RECORDS SUPPLIED:
# # # # #
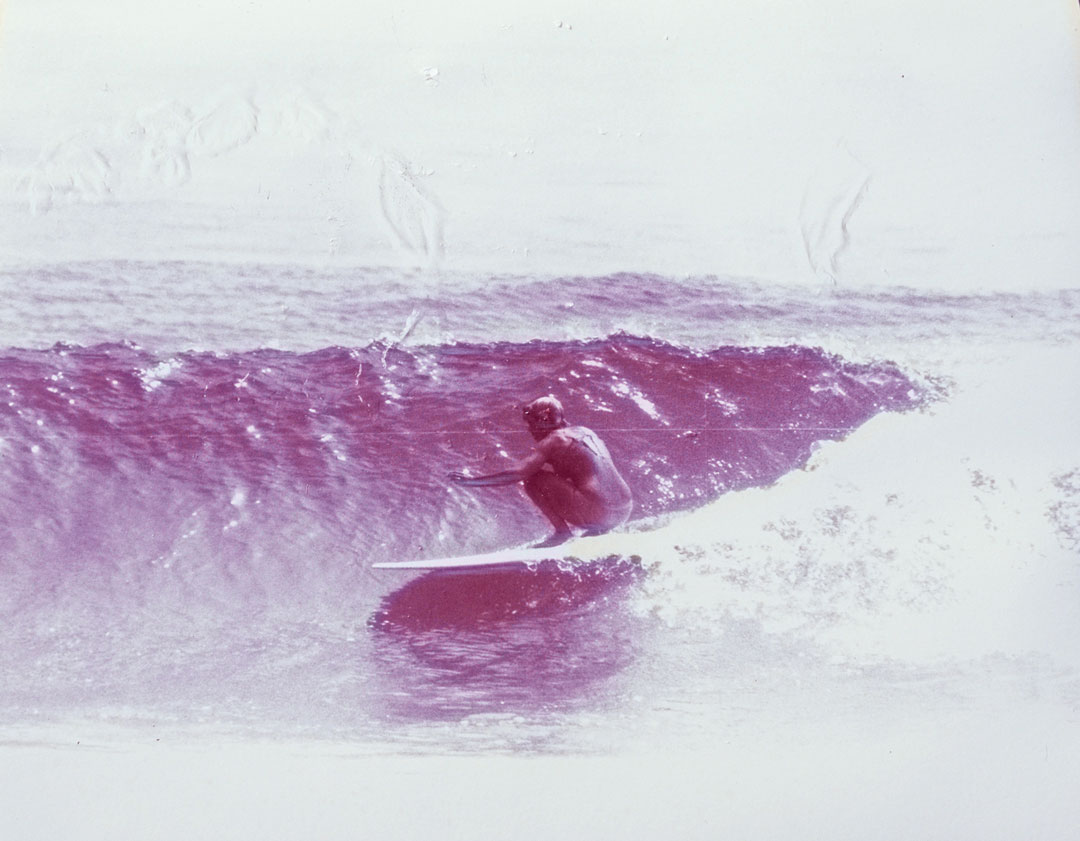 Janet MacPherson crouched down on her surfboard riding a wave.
# # # # #
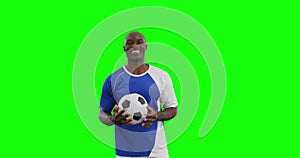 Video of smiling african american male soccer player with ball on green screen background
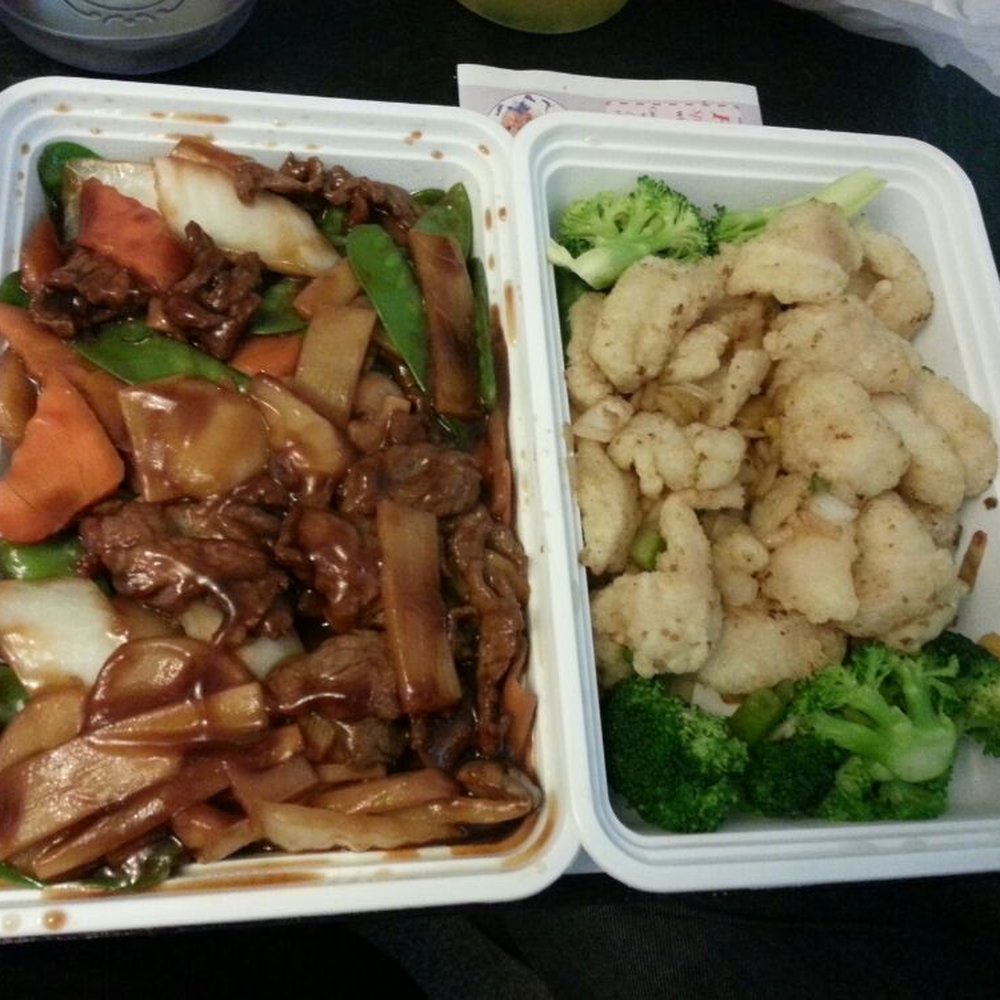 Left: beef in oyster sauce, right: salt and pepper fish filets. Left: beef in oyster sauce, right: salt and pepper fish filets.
# # # # #
WHAT YOU ARE ASKED TO DO:
In the listing above, find the line with "Video of smiling" and output it and every line after it up to and including the line with "filets. Left: beef", exactly, minus the pictures.

EXERCISE OUTPUT:
 Video of smiling african american male soccer player with ball on green screen background
 Left: beef in oyster sauce, right: salt and pepper fish filets. Left: beef in oyster sauce, right: salt and pepper fish filets.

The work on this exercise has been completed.